- Records for this task:
Segment Open

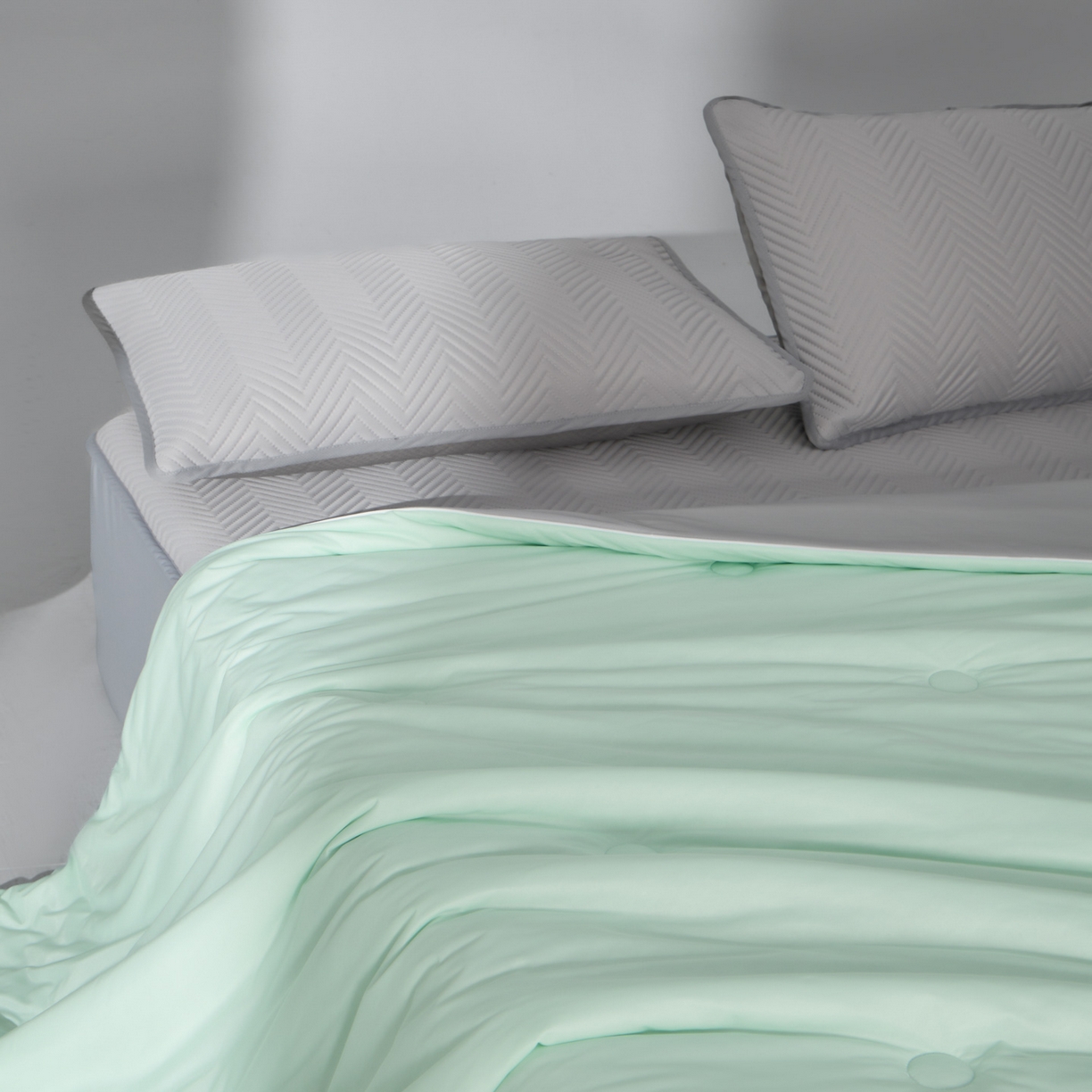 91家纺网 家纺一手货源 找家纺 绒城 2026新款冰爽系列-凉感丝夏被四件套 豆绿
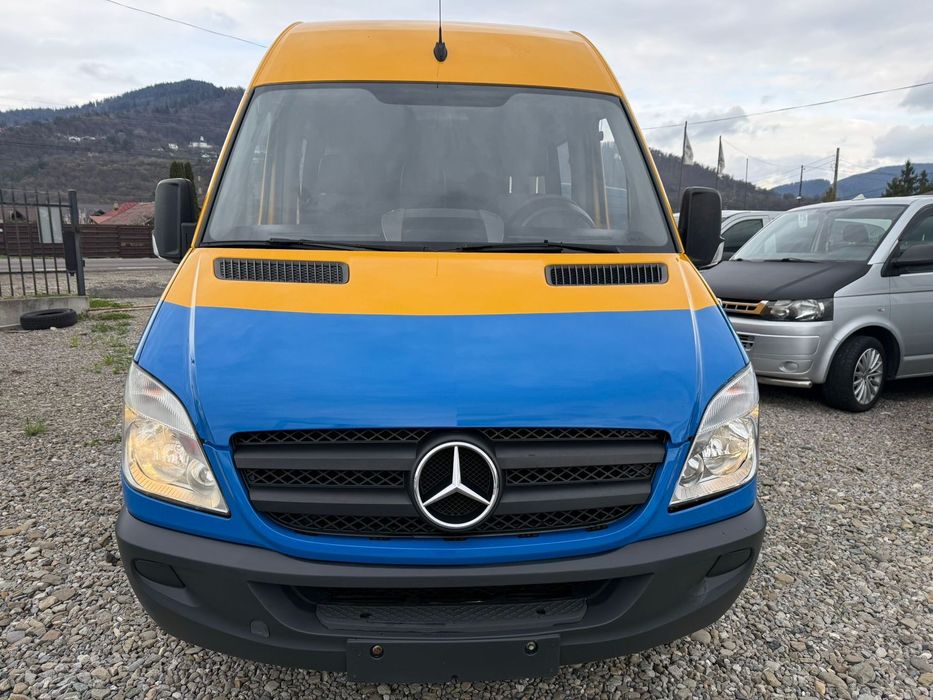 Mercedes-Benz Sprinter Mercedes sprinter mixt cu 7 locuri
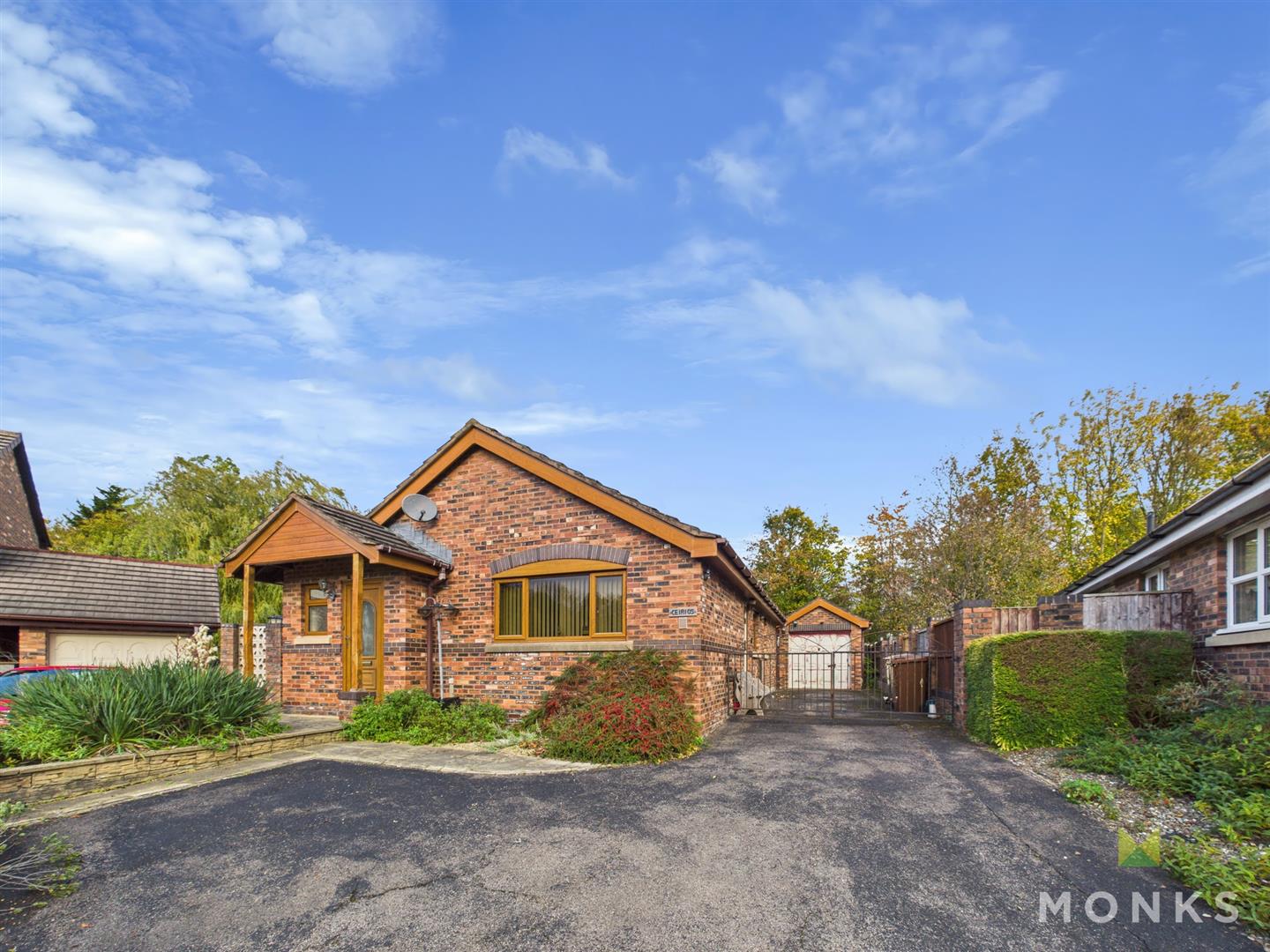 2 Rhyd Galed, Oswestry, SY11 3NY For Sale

Segment Closed
Segment Open

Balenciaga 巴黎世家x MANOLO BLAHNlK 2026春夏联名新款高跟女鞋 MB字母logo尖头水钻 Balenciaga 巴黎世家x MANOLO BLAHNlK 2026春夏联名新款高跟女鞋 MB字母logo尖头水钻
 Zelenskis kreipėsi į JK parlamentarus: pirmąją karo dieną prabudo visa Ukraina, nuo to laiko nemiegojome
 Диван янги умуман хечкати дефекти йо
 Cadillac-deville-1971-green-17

Segment Closed
Segment Open

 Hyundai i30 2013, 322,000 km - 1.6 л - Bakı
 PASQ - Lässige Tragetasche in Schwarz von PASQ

Segment Closed

- Problem to solve:
Copy the stretch of the records above that runs from the line with "Hyundai i30 2013, 322,000 km - 1.6 л - Bakı" through the line with "PASQ - Lässige". Both end lines belong in the copy, and nothing else does.

- Exercise result:
 Hyundai i30 2013, 322,000 km - 1.6 л - Bakı
 PASQ - Lässige Tragetasche in Schwarz von PASQ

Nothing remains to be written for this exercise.